Input for this task >>
---

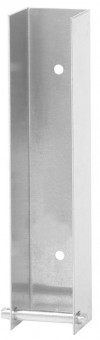 Suport Strend Pro EUROSTANDARD, 40x200 mm, galvanizat, cu șuruburi, pentru plăci sub pietriș
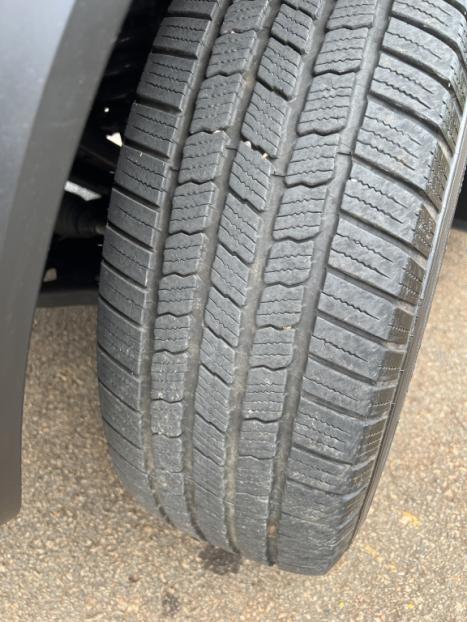 TOYOTA Hilux SW4 2.7 16V 4P FLEX SRV 7 LUGARES AUTOMTICO, Foto 19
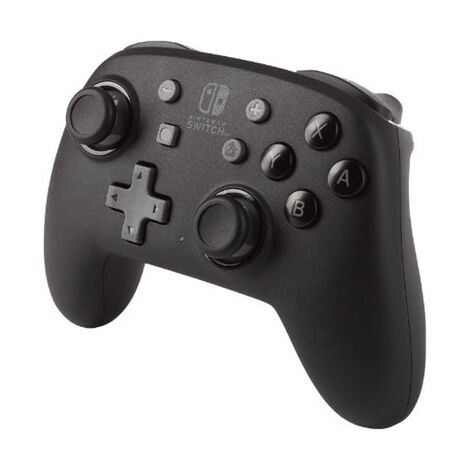 בקר משחק Black Nano Enhanced Wireless Controller למכירה , 2 image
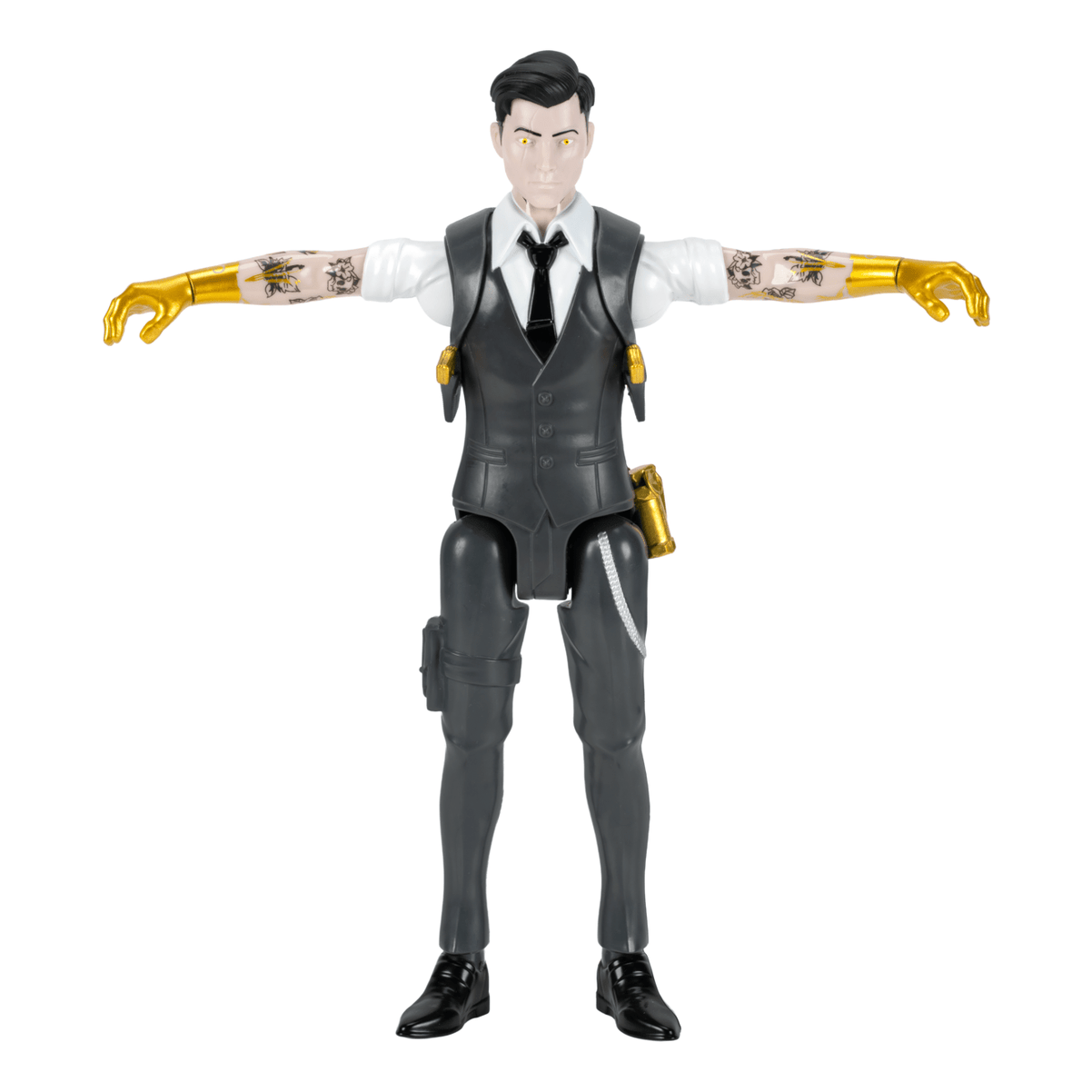 Fortnite Victory Series Midas 30cm Action Figure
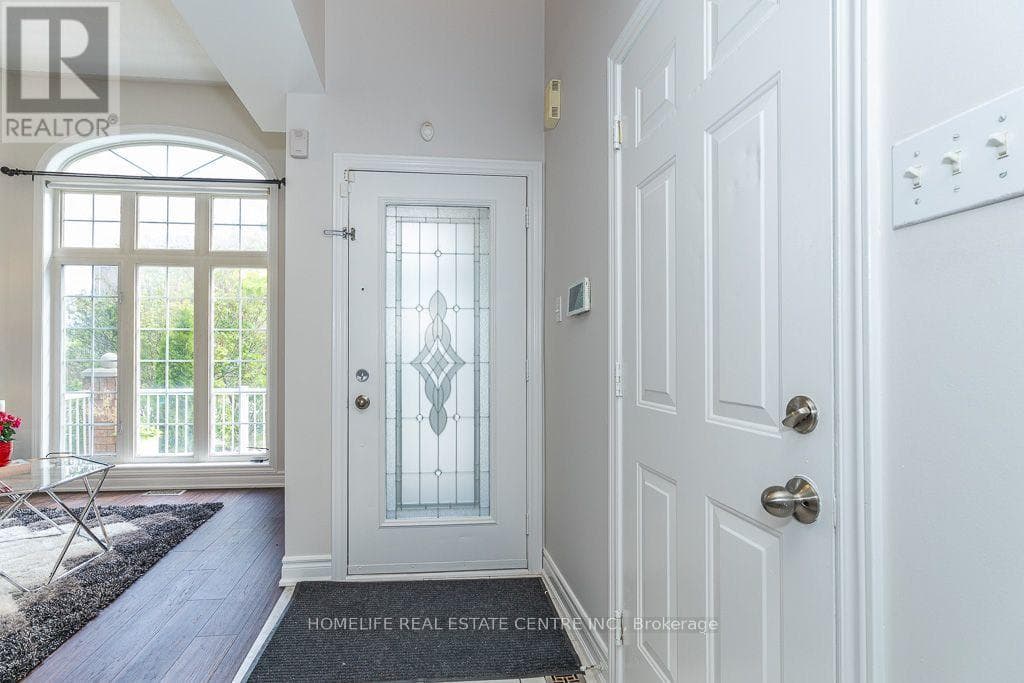 Single Family at 65 Batt Crescent, Ajax (Northwest Ajax), Ontario - Photo 5 - RE/MAX Garden City Realty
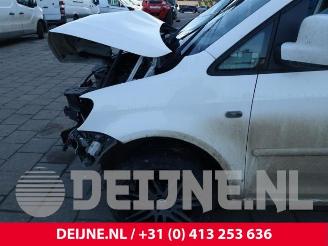 Volkswagen Caddy Caddy III (2KA,2KH,2CA,2CH), Van, 2004 / 2015 1.6 TDI 16V picture 9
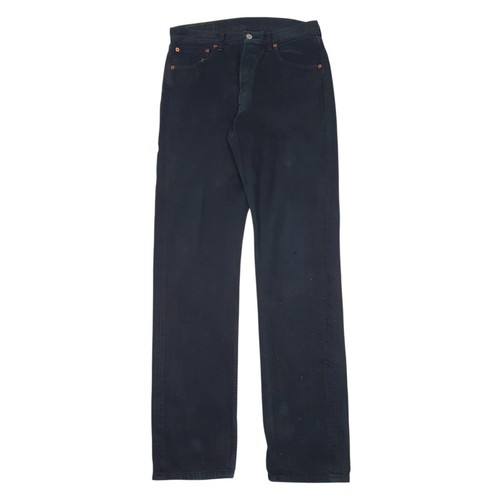 Levis 501 jeans original fit - jeans,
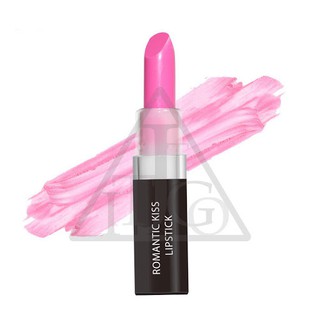 Son Không Chì Jigott Romance Kiss Lipstick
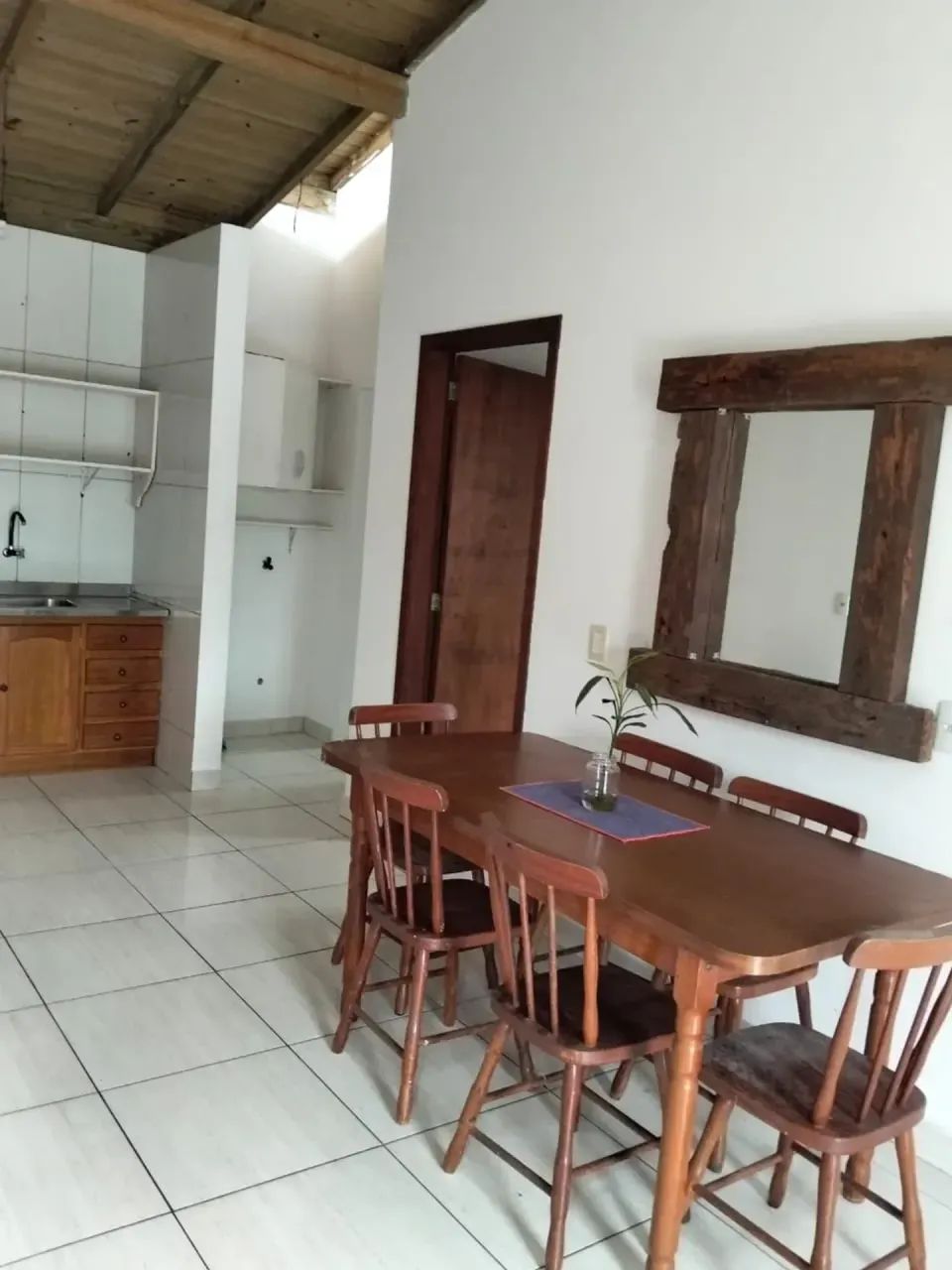 APARTAMENTO COM ÓTIMA LOCALIZAÇÃO - Foto 4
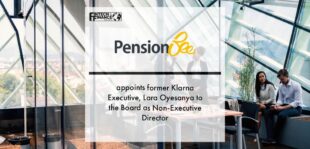 PensionBee appoints former Klarna Executive, Lara Oyesanya to the Board as Non-Executive Director | Fintech Finance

---

Repeat all the data as it stands, dropping any images it holds.

 Suport Strend Pro EUROSTANDARD, 40x200 mm, galvanizat, cu șuruburi, pentru plăci sub pietriș
 TOYOTA Hilux SW4 2.7 16V 4P FLEX SRV 7 LUGARES AUTOMTICO, Foto 19
 בקר משחק Black Nano Enhanced Wireless Controller למכירה , 2 image
 Fortnite Victory Series Midas 30cm Action Figure
 Single Family at 65 Batt Crescent, Ajax (Northwest Ajax), Ontario - Photo 5 - RE/MAX Garden City Realty
 Volkswagen Caddy Caddy III (2KA,2KH,2CA,2CH), Van, 2004 / 2015 1.6 TDI 16V picture 9
 Levis 501 jeans original fit - jeans,
 Son Không Chì Jigott Romance Kiss Lipstick
 APARTAMENTO COM ÓTIMA LOCALIZAÇÃO - Foto 4
 PensionBee appoints former Klarna Executive, Lara Oyesanya to the Board as Non-Executive Director | Fintech Finance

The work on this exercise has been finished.